Questo dato rappresenta una crescita del +15,8% rispetto allo stesso periodo dell'anno precedente. La regione si conferma una meta privilegiata per il diportismo di lusso.
In pratica, più della metà dei 6.174 superyacht censiti a livello mondiale (secondo la fonte The State of Yachting, Superyacht Times) frequenta le acque sarde. Un numero che evidenzia l'importanza strategica del settore.
Olbia eccelle anche nell'aviazione privata
Anche il settore dell'aviazione privata vede Olbia protagonista. Nel 2025, l'aeroporto ha registrato 15.464 movimenti di jet privati. Ciò corrisponde a circa 7.700 aeromobili unici e un totale di 31.439 passeggeri.
Questi numeri posizionano Olbia come il terzo aeroporto italiano per aviazione privata. Si colloca subito dopo i più grandi scali di Milano Linate e Roma Fiumicino.
La concentrazione di traffico aereo privato sottolinea ulteriormente la necessità di personale altamente specializzato nel settore.
Regione: "Formazione cruciale per la crescita industriale"
Il vicepresidente della Regione, Emanuele Cani, ha ribadito l'impegno dell'amministrazione. «Come Regione Sardegna e come Assessorato dell'Industria», ha dichiarato Cani, «crediamo fermamente che per migliorarci e crescere sia determinante avere maestranze qualificate».
Il personale deve essere all'altezza delle sfide che l'isola si è prefissata. La formazione, a tutti i livelli, viene considerata un elemento cruciale per raggiungere questi obiettivi.
L'investimento in percorsi di studio mirati è visto come una leva fondamentale per lo sviluppo economico e industriale della Sardegna. Si punta a creare un circolo virtuoso tra formazione e occupazione.

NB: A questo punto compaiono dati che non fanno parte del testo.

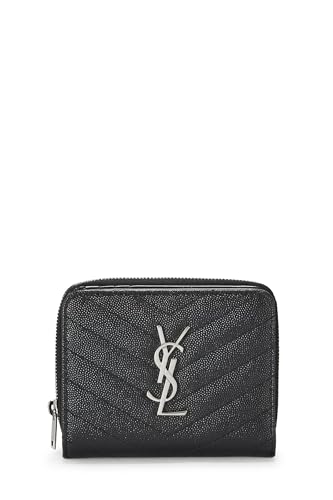 Yves Saint Laurent, Portefeuille compact en cuir grainé noir d'occasion, noir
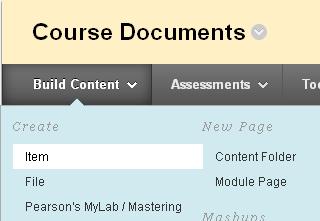 Updated 11/12/12 MH Adding Your Files to Blackboard (i.e. Uploading Your Syllabus) Blackboard allows users to upload files to many different content areas.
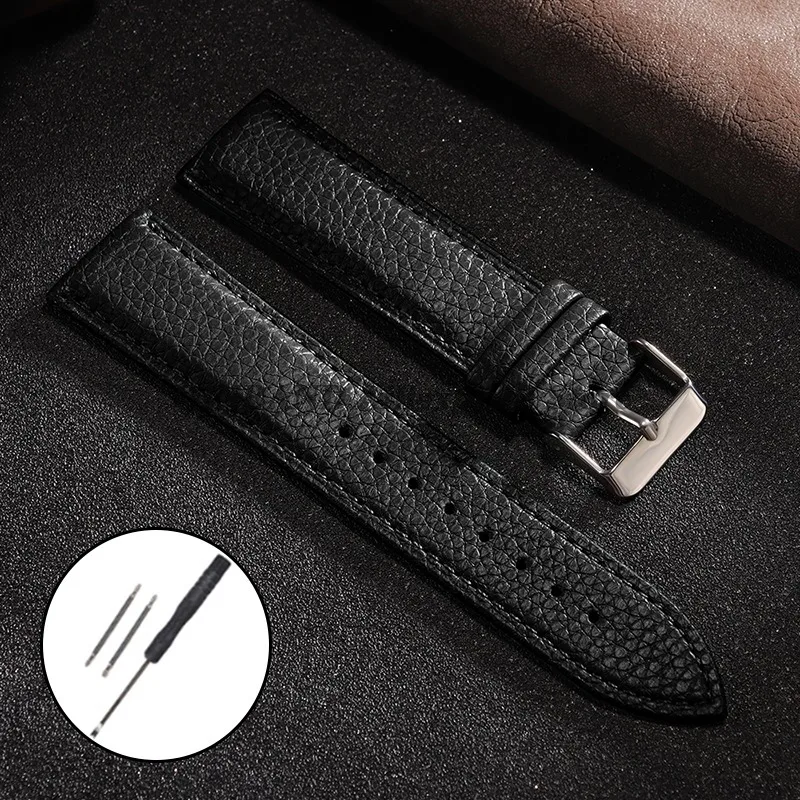Litchi Pattern Leather Watch Band Bracelet - Versatile Sport Wrist Strap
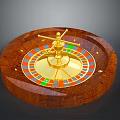 Decorative Wooden Roulette Wheel Furniture Featuring Golden Accents and Colorful Sections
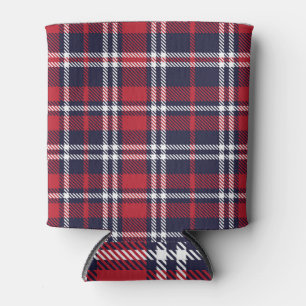 Red Navy Asymmetric Plaid Texture Can Cooler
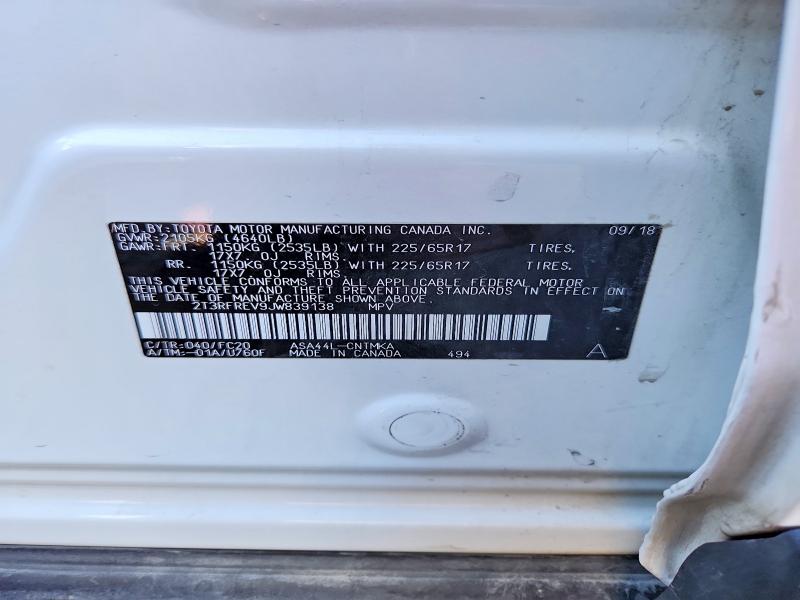 Продаж на аукціоні авто 2018 Toyota Rav4, vin: 2T3RFREV9JW839138, номер лоту: 54303896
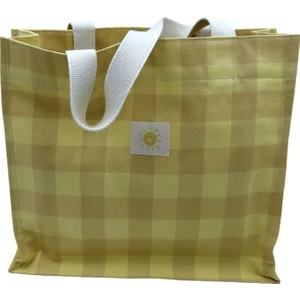 Merlin Bag Soft Sarı Ekoseli Kanvas Kumaş Kadın Kol Çantası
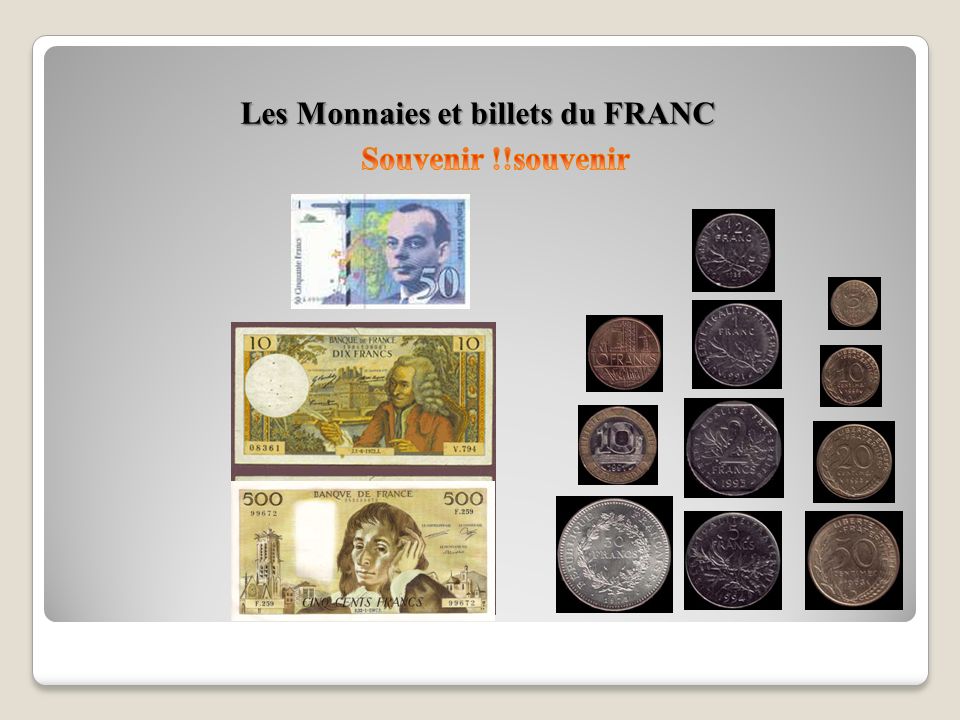 Les Monnaies et billets du FRANC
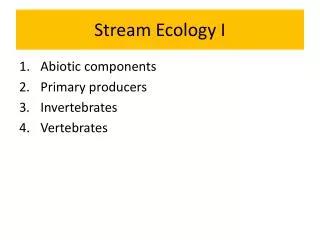 Stream Ecology I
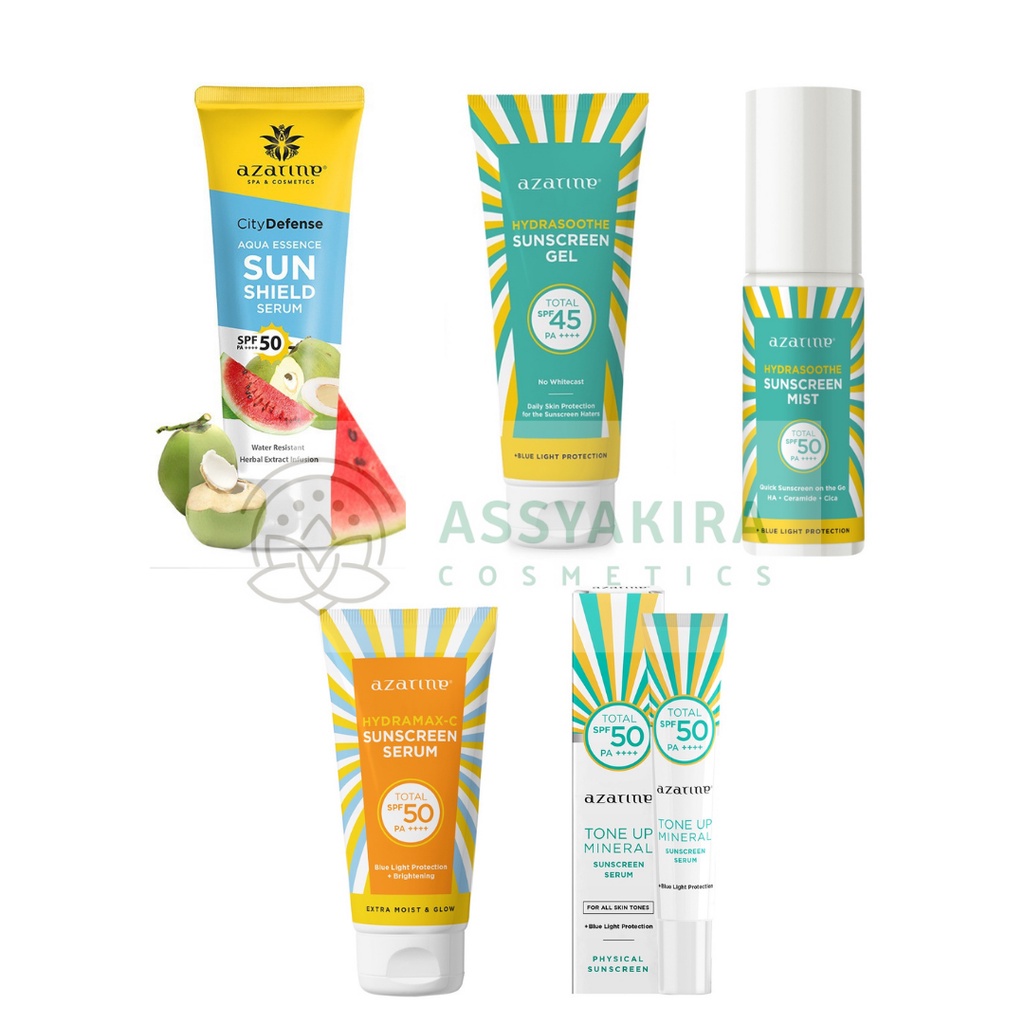 Azarine Hydrashoothe Sunscreen Gel SPF45 PA+++ | Azarine Aqua Essence Shield SPF50 PA++++ | Azarine Hydramax-C Sunscreen SPF50 PA++++ | Azarine Tone Up Mineral Sunscreen SPF50 PA++++ | Azarine Hydrasoothe Sunscreen Mist SPF50 PA++++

L'obiettivo: Sardegna polo di studio e lavoro
Aldo Carta, presidente di UniOlbia e direttore generale del Cipnes Gallura, ha sintetizzato la visione strategica. «L'obiettivo è chiaro», ha affermato Carta. «Fare della Sardegna un luogo dove si viene non solo per vivere un'esperienza, ma anche per studiare, lavorare e investire».
Si mira a rafforzare il ruolo dell'isola nelle dinamiche internazionali della blue economy e dell'aeronautica. La creazione di un ecosistema favorevole all'innovazione e all'imprenditorialità è al centro del progetto.
La Sardegna punta a diventare un punto di riferimento globale per settori ad alto valore aggiunto, attirando talenti e investimenti.